DeepSeek’s smarter and cheaper AI model was a “scientific and technological achievement that shapes our national destiny”, said one Chinese tech executive. The start-up had become a key player in the “Chinese Large-Model Technology Avengers Team” that would counter US AI dominance, said another.

China’s delight, however, spelled pain for several giant US technology companies as investors questioned whether DeepSeek’s breakthrough undermined the case for their colossal spending on AI infrastructure. US tech and energy stocks lost $1tn of their market value on Monday, although they regained some ground later in the week.

The stereotypical image of China abroad may still be that of a state-subsidised, capital-intensive manufacturing economy that excels at churning out impressive low-cost hardware, such as smartphones, solar panels and electric vehicles. But, in truth, China long ago emerged as a global software superpower, outstripping the west in ecommerce and digital financial services, and it has invested massively in AI, too.

DeepSeek’s emergence confounds many of the outworn prejudices about Chinese innovation, although it is far from a typical Chinese company. It certainly invalidates the old saw that while the US innovates, China imitates and Europe regulates. In several ways, DeepSeek resembles a bootstrapped Silicon Valley start-up, even if it was not founded in a garage. Launched in 2023, the company has the same high-flown ambition as OpenAI and Google DeepMind to attain human-level AI, or artificial general intelligence (AGI). But its founder Liang Wenfeng runs one of China’s leading hedge funds, meaning the company has not had to raise external financing.
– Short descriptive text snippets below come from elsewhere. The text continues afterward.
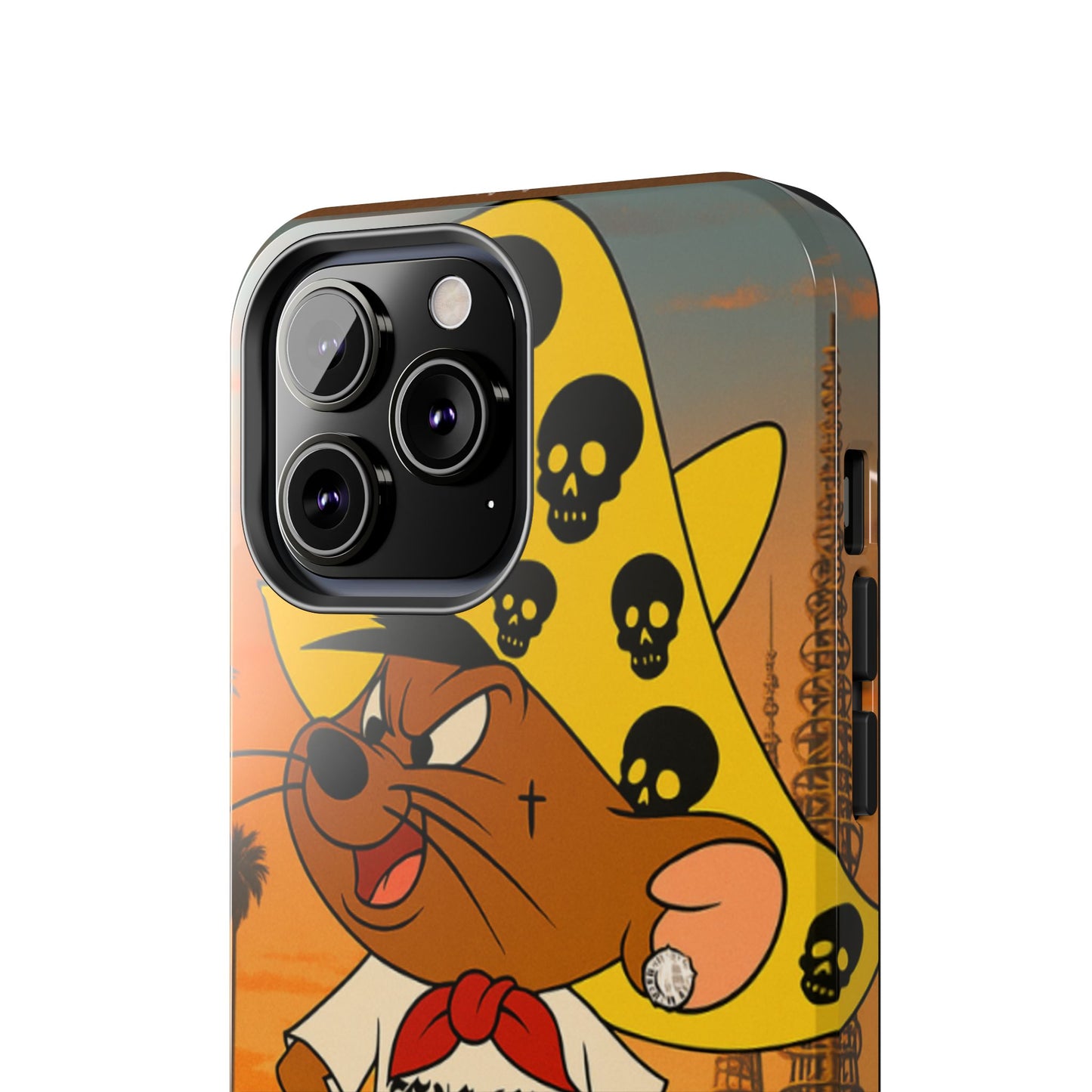 Los Angelez Made x Speedy Gonzalez Tough Phone Case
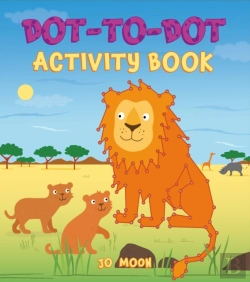 Bertrand.pt - Dot-To-Dot Activity Book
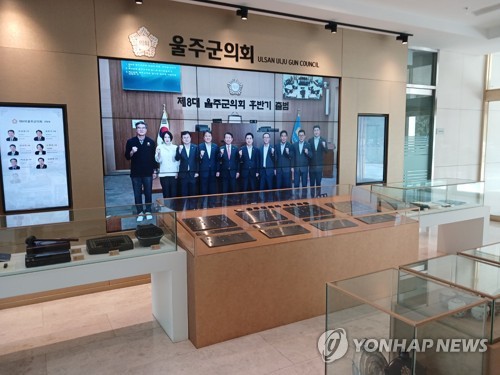 행정수요 증가에 '울주 범서읍 청사 신축이전' 필요성 제기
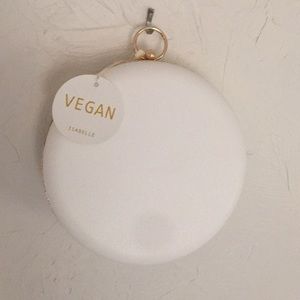 VEGAN ISABELLE HANDBAG BRAND NEW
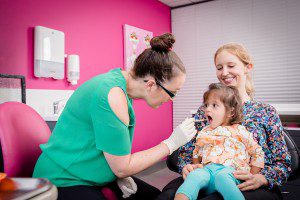 Kids tooth decay is prevalent, therefore it is important for children to regularly visit the dentists.
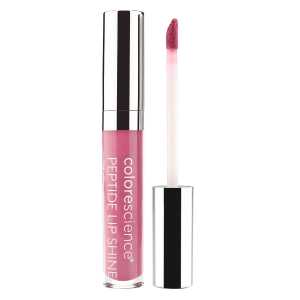 Gloss de buze cu protecție solară Colorescience Lip Shine SPF 35 - Pink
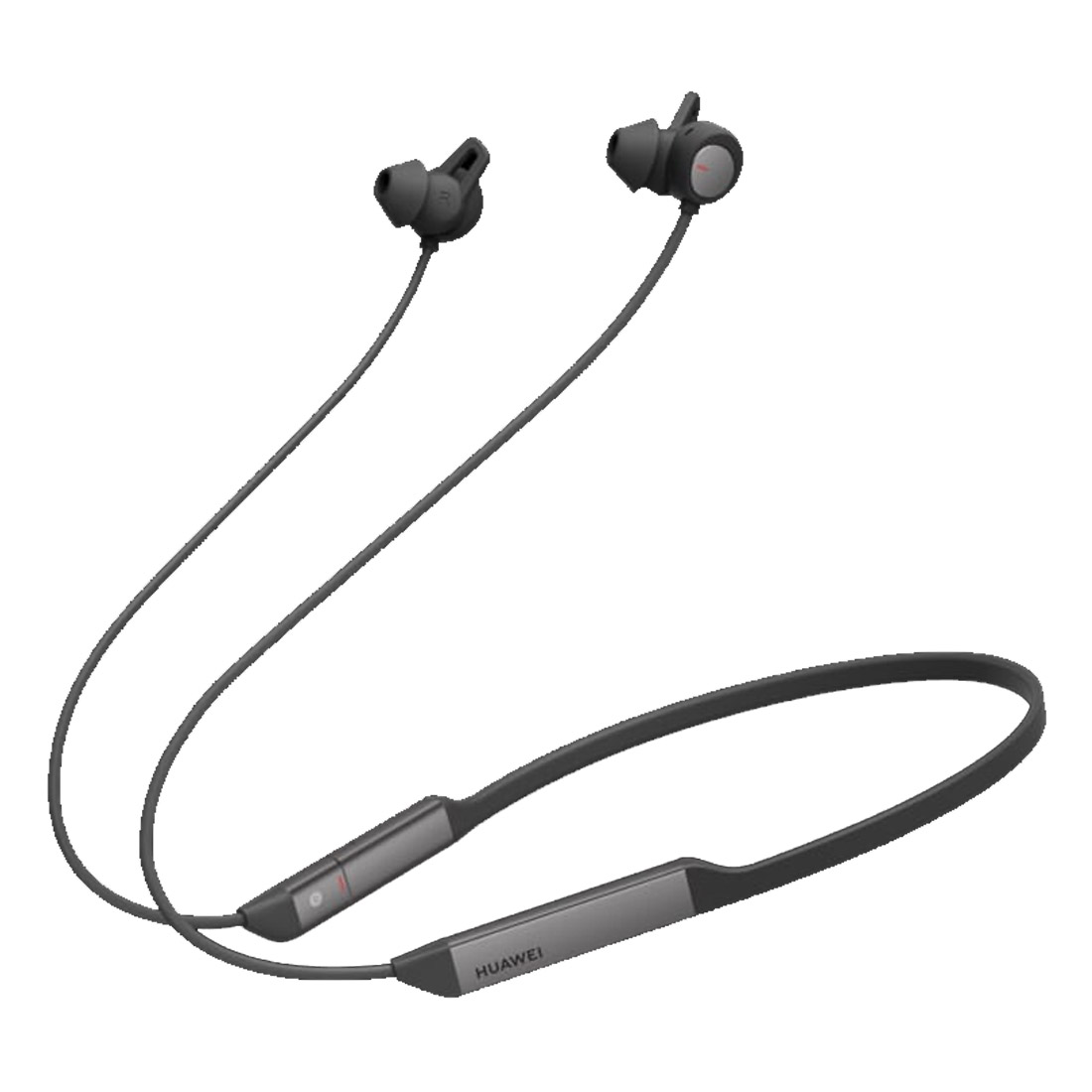 Huawei FreeLace Pro Wireless Noise Cancellation Earphones Nile-CN020 - Black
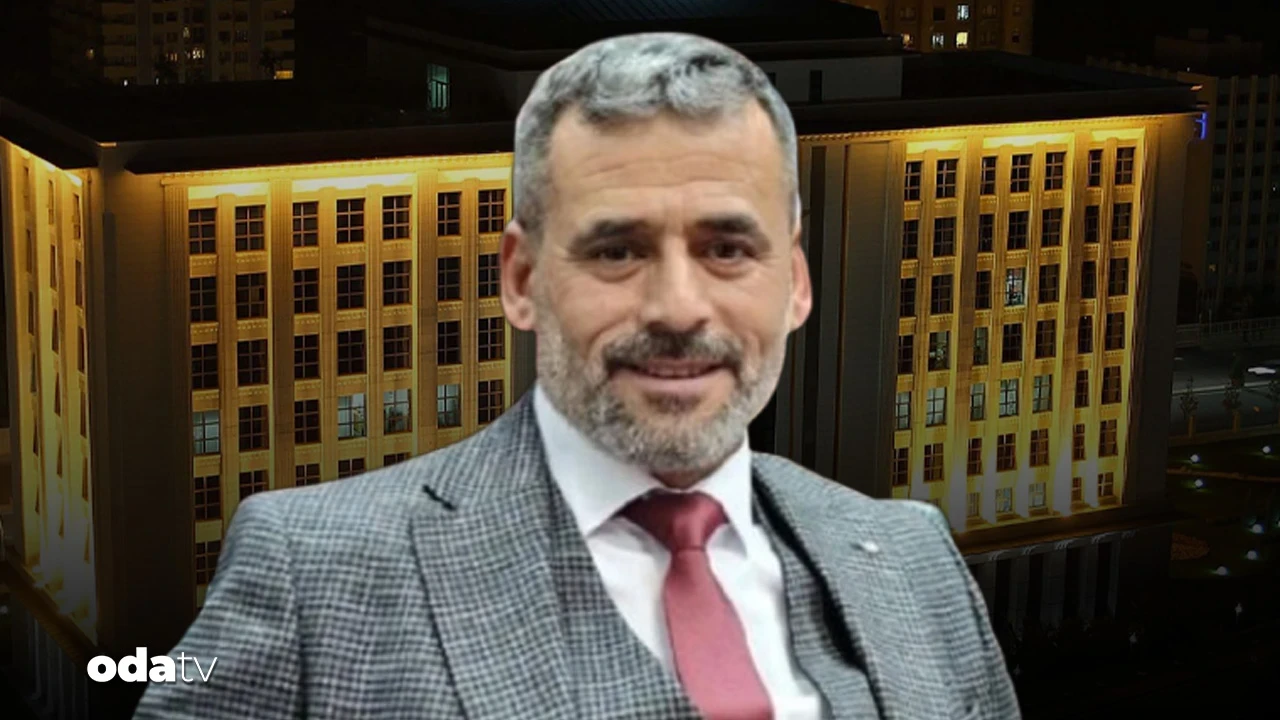 AKP'li başkana bıçaklı saldırı... Oğlu yaralandı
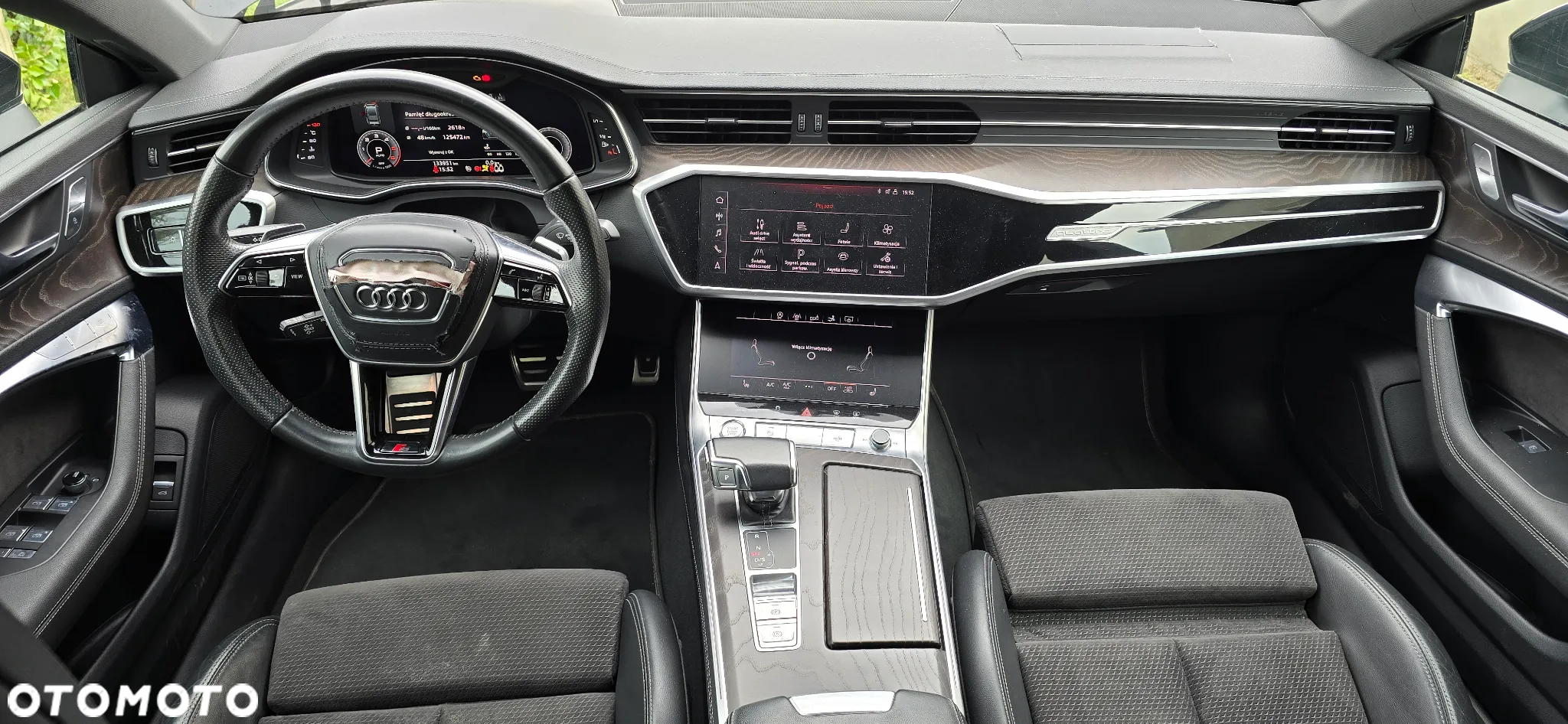 Audi A7 Sportback 3.0 TDI Quattro S tronic - 6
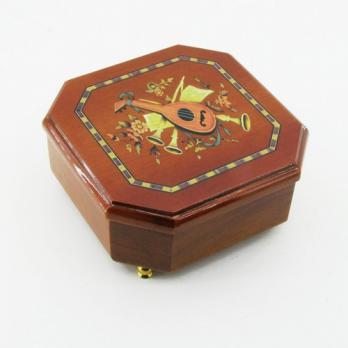 KL-10552 Шкатулка для украш.18*18*7,5см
In an interview republished in the China Talk newsletter, Liang explained that DeepSeek operated more as a research lab than a commercial enterprise. When recruiting, it prioritised capabilities over credentials, hiring young Chinese-educated researchers. Liang said these people were given the space to explore and the freedom to make mistakes. “Innovation often arises naturally — it’s not something that can be deliberately planned or taught,” he said.